Jornalista diz que Fla representa ditadura: “Demônio encarnado”
JORNAL ESTADO DE MINAS: Fred Melo Paiva
Por macabra ironia, o Campeonato Brasileiro vai começar sob a marca de 100 mil mortos pela pandemia do coronavírus – um Maracanã lotado. Por isso não há de se produzir melhor imagem da nossa tragédia do que as arquibancadas vazias, amanhã, no jogo entre Flamengo e Atlético: o público ausente é a conta exata dos que não estão mais entre nós. Sucumbiram à doença, sob o desleixo e a galhofa de um projeto de genocida eleito pelo próprio povo que agora ele ajuda a matar.
E daí? “Vamos tocar a vida!” Para tanto, é perfeito esse Atlético e Flamengo, disparado o jogo mais legal da rodada. Perfeito porque em campo estarão dois dos times cujos presidentes (e um mecenas) se regozijam da afinidade com o projeto de genocida. Câmara, cascudo, troca camisa e posa de papagaio de pirata para a posteridade. Landim se mistura ao (des)governo, oferecendo base eleitoral em troca de medidas provisórias e vantagens outras, a reviver o time oficial da ditadura já em decadência, ali por 1980 e 81, de dolorosas lembranças para o atleticano. O mecenas, bem, este é como a biruta do aeroporto, aponta para onde o vento (e o dinheiro) levar.
(E o pobre do torcedor, coitado, acha um pecado quando o cronista insiste em misturar o futebol com a política.)
Pois bem, apesar dos pesares, o show precisa continuar, os clubes estão à míngua, alguns a disputar os centavos com o malabarista de sinal. Vamos admitir, não é todo mundo que tem aquele amigo capaz de pagar o seu boleto enquanto você assa a picanha, nem michelles, digo, mil cheques caídos do céu. Assim sendo, que role a pelota e sobrevivam todos aqueles com histórico de atleta, os cloroquiners e os tomadores de ozônio no c.!

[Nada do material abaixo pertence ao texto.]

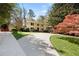 Traditional two-story home with a circular driveway and mature landscaping at 2049 Castleway Ne Ln, Atlanta, GA 30345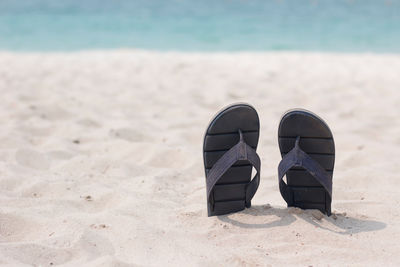 Close-up of shoes on beach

Vamo, Galo, meu Gardenal, só você pra salvar a gente nesse manicômio! O Mequinha foi um bom teste: primeiro, aquele amistoso, aquela festa esquisita com gente estranha, tantas caras novas, parecia dinâmica de grupo para novos colaboradores da firma. Depois, o primeiro jogo da semi, já dando para o gasto. Ao cabo, o atropelo final, a gente já iludido, se não fosse a pandemia tava nóis na caravana para o Rio de Janeiro, apenas 10% da nossa cabeça animal ocupada com a vida, família e emprego, o resto todo consumido pelo Atlético.

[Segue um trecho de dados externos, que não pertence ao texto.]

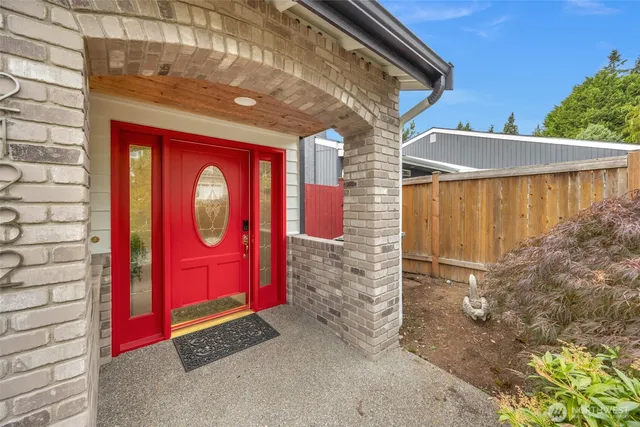 a front view of a house with red carpet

Bem disse um amigo – fora a macabra alegoria do público ausente, a arquibancada vazia apenas atrasa o inevitável: os novos funcionários permanecerão funcionários até o dia em que, já mortos uns 200 mil, finalmente serão torcedores ao encontrar a Massa ao vivo e em preto e branco, quando dar-se-á, salve, Temer!, o título inevitável.
Não sou o malabarista na busca pela vaga de trabalho, mas vejo sinais: o Atlético nunca ganhará um Campeonato Brasileiro normal, assim como aquela Libertadores foi tudo menos normal (incluindo os protestos de 2013, que ameaçaram implodir o Brasil logo na hora em que estávamos com a mão na taça). Desafortunado que é, o atleticano estará impedido de ir ao estádio quando o dia da vitória chegar. A pandemia, o derretimento das calotas polares, a guerra nuclear – alguma dúvida de que ganharemos o Brasileiro apenas e tão somente contra tudo e contra todos, como o Uberlândia campeão com seu time de infectados?
Tu vens, Flamengo, e eu já escuto sinais nesse início de caminhada justamente contra esse demônio encarnado. O ponto de partida a partir do ponto final, quando, em 1981, assassinaram nossos sonhos de criança. Sim, eu tinha 10 anos, minha avó tinha sido freira e nós dois compartilhávamos (e também o Raul Seixas) o medo da chuva. Ao se aproximarem os cumulonimbus, punha-me a rezar como uma Damares diante do comunismo inexistente. O Flamengo de Wright acabou com a minha fé: não havia Deus e nem a Justiça dos homens. Eu fiquei adulto com 10 anos, foi o ponto final.
Agora, pois, o time a ser batido é o Flamengo, o Flamengo do Bolsonaro – assim como aquele outro, o Flamengo do general Figueiredo. O dia em que o Galo ganhar o Brasileiro, há de ser contra a ditadura e contra o Flamengo, porque o mundo, e mesmo a Terra plana, ele dá voltas. E como me disse uma vez o Chico Pinheiro, a evocar Jesus (não o do Benfica), a vida sempre vence a morte. Amém.